Before you travel internationally, research safety issues in the specific locations you will be visiting by consulting U.S. State Department Travel Advisories on those locations, and register your trip with the State Department so that they can better assist you in the case of emergencies.
In case of an emergency please follow your program specific emergency guidelines.
Other safety tips:
- At all times carry a cell phone with pre-programmed emergency numbers and/or an emergency contact card, with phone numbers for program leaders and local emergency resources. Research backup means of communication for areas in which cell service is unavailable.
- Learn and follow local traffic rules and practices and to avoid dangerous modes of transportation, including mopeds and sub-standard buses. Travel accidents, whether as a pedestrian or driver/passenger, are one of the main sources of injuries and fatalities on study abroad programs. See the Department of State’s Resource for road safety overseas.
- To reduce the risk of becoming the victim of a crime, including sexual harassment and assault, avoid areas known to have a high incidence of crime and do not walk or travel alone, especially at night.
- Avoid excessive use of alcohol, which is associated with an increased risk of becoming the victim of a crime or accident.
- Learn basic terms related to safety and emergencies in the host country language, such as “help” and “police.”
- If you are in an area in which Americans are viewed negatively or as prime targets for crime, as much as possible dress and behave like a local.
- Note that loss arising from participation in high-risk activities such as scuba/skin diving, sky diving, hang gliding, bungee jumping is not likely to be covered by insurance.
Health and accident insurance resources: GeoBlue Global Health Insurance, UC Traveler Insurance Coverage, Extended Overseas Travel Coverage, Gap Coverage for Domestic Insurance, and Trip Cancellation Coverage.
Staying healthy while abroad requires following many of the same good habits needed for staying healthy at home—with additional precautions depending on your location.
Some countries have specific vaccination/immunization requirements that need to be fulfilled before departure.

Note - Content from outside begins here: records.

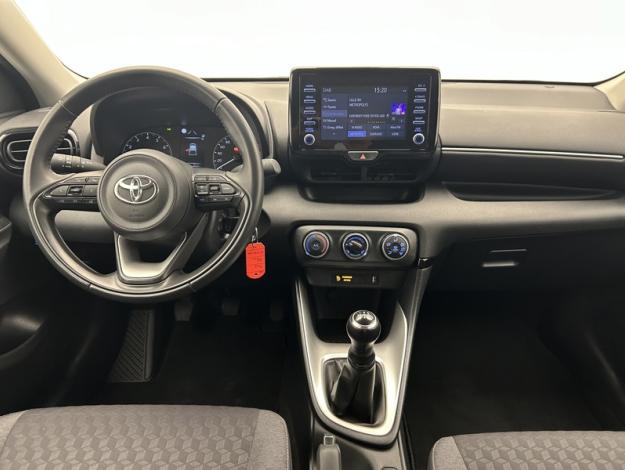 TOYOTA Yaris 70 VVT-i Dynamic  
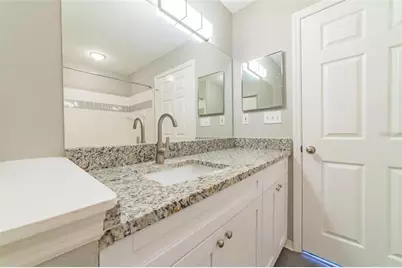 9028 Lake Chase Island Way, Tampa, FL 33626 - Photo 20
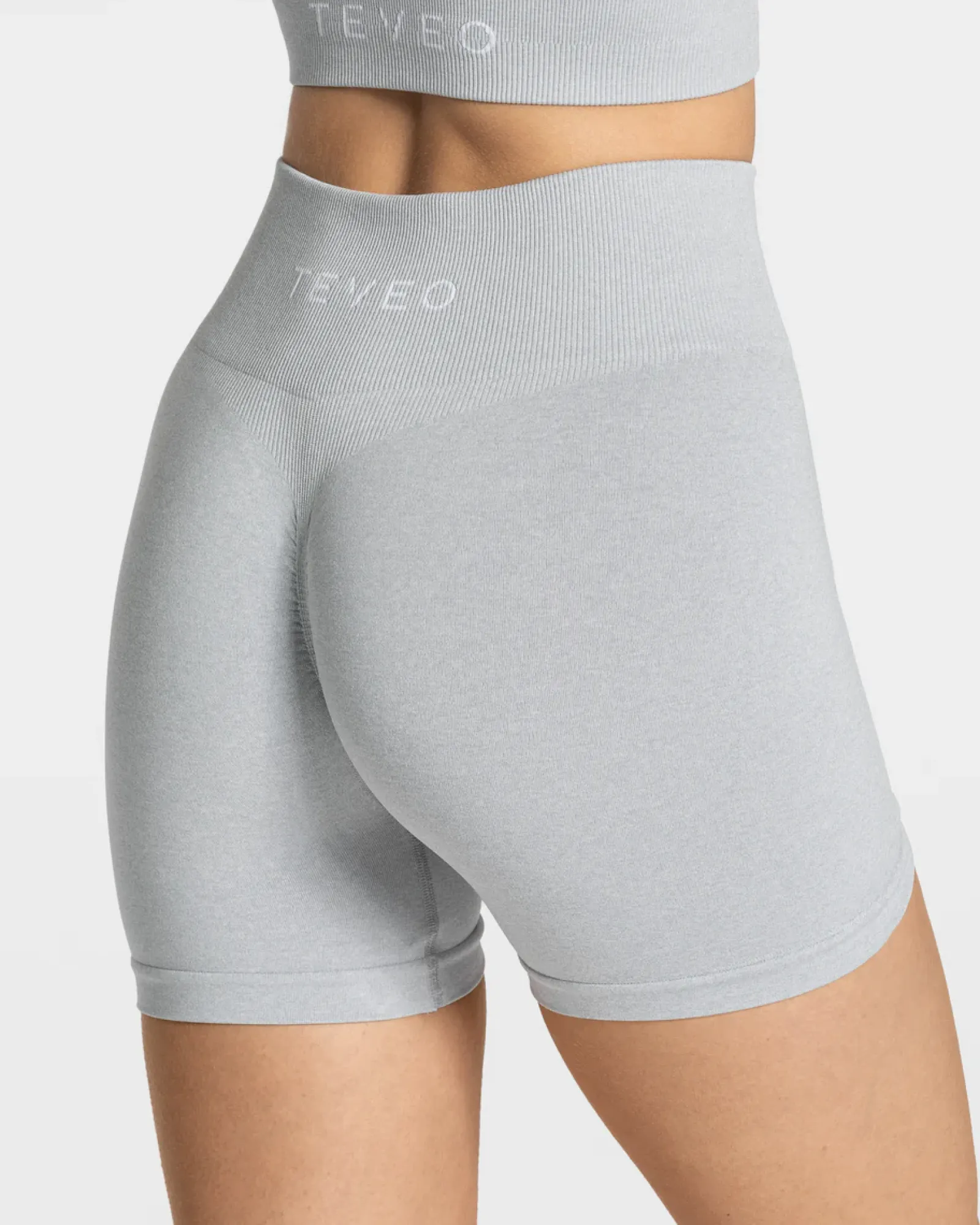 TEVEO Timeless Scrunch Short " ">Frau Shorts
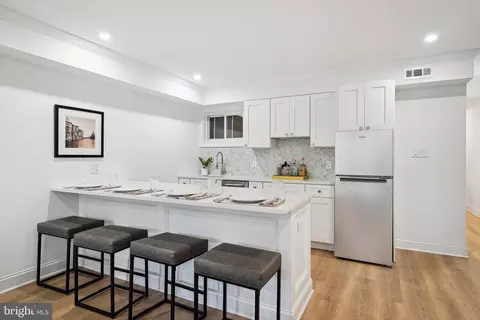 1689 35th St NW, Washington, DC 20007 photo 13
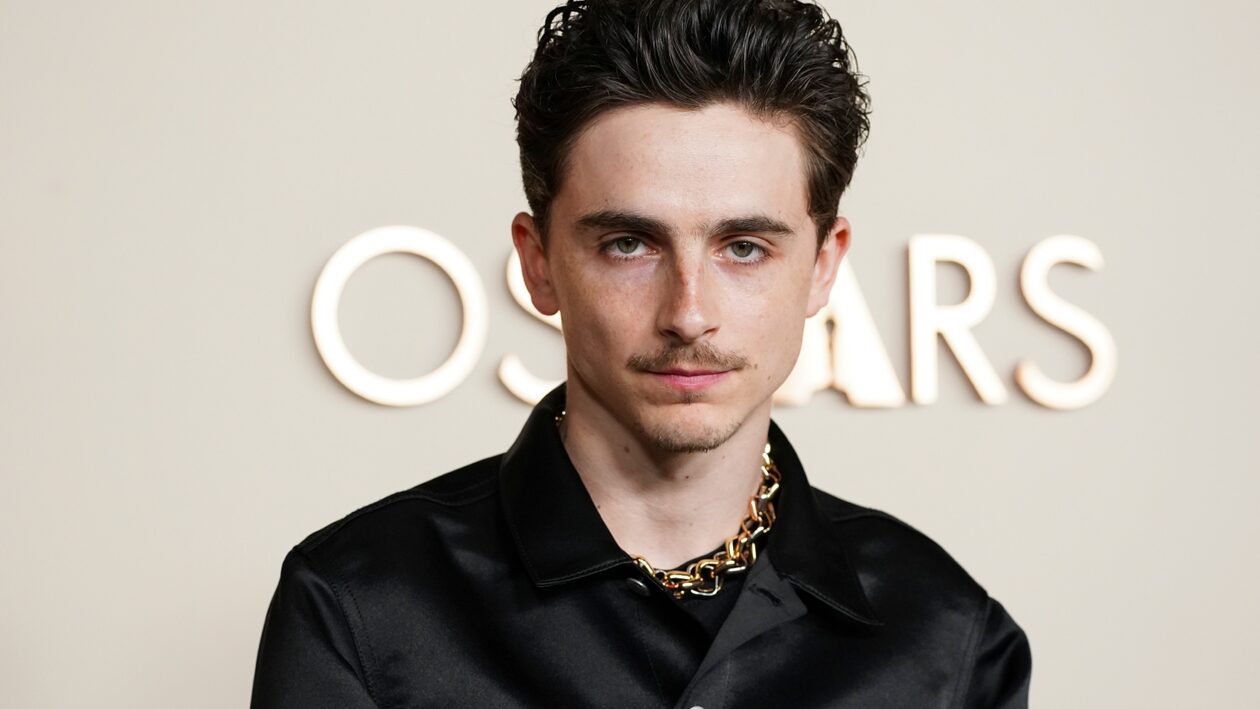 Ο Timothée Chalamet κυκλοφορεί με τα πιο “άρρωστα” ρολόγια στους δρόμους της Νέας Υόρκης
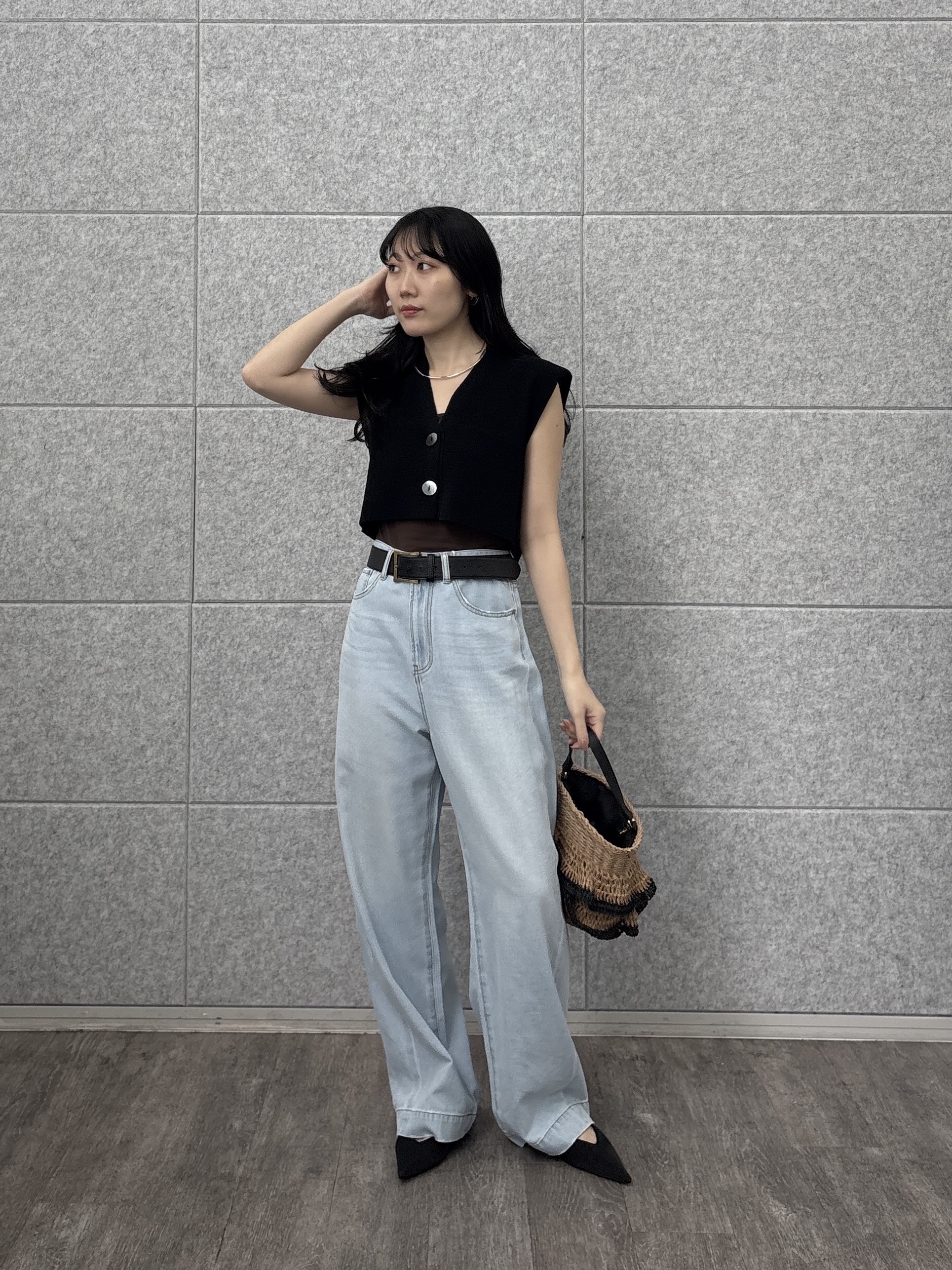 rinaさんの「INDIVI｜立体フリル編みバッグ」を使ったコーディネート
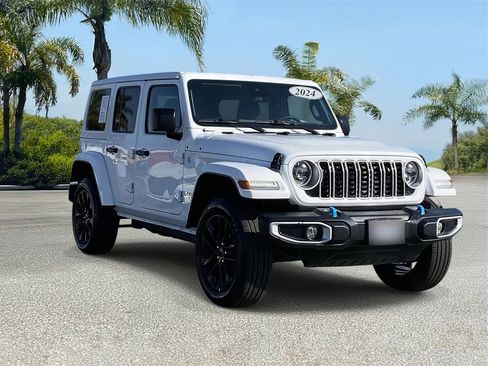 Used 2024 Jeep Wrangler Unlimited Sahara image 5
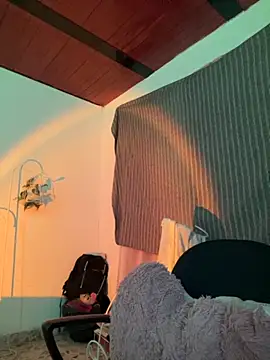 Snapshot of CieloTaylor chatting on 10/22/25, 04:13 CieloTaylor online show from 10/22/25, 04:13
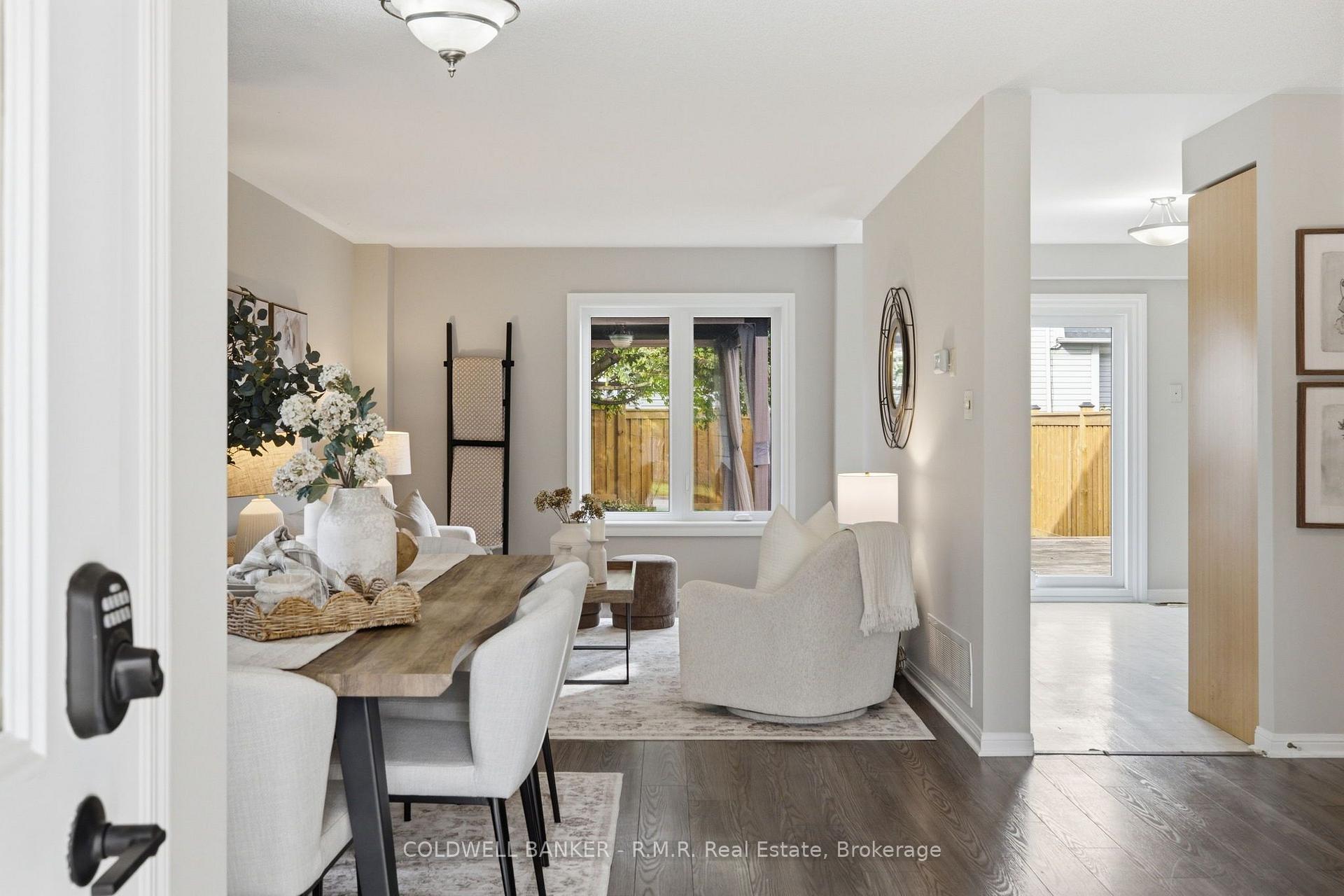 Photo 11 of 102 Boswell Drive, Clarington, Bowmanville — HOMEH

There may also be vaccinations that are recommended rather than required—sometimes based on the areas in the country you will be visiting.
If you are sexually active while abroad, please be aware that laws, cultural norms and risks related to sexual activity may vary widely, and it is important, to consider the context of your individual situation and assume a greater degree of caution.
Alcohol abuse and intoxication are a leading cause of injury and disruption on study abroad programs. The abuse of alcohol is often tied to becoming a victim of a violent crime or accident.
Living in a new culture can be exhilarating, rewarding, and stimulating. It can also be disorienting, frustrating and depressing. Such distress or “culture shock” is due to the twofold challenge of being in a new environment with unfamiliar customs, language, etc., and being away from home.
Travel to any part of the world, including within the United States, includes risk of natural disaster, terrorism, severe weather, criminal activity, disease, accident and injury.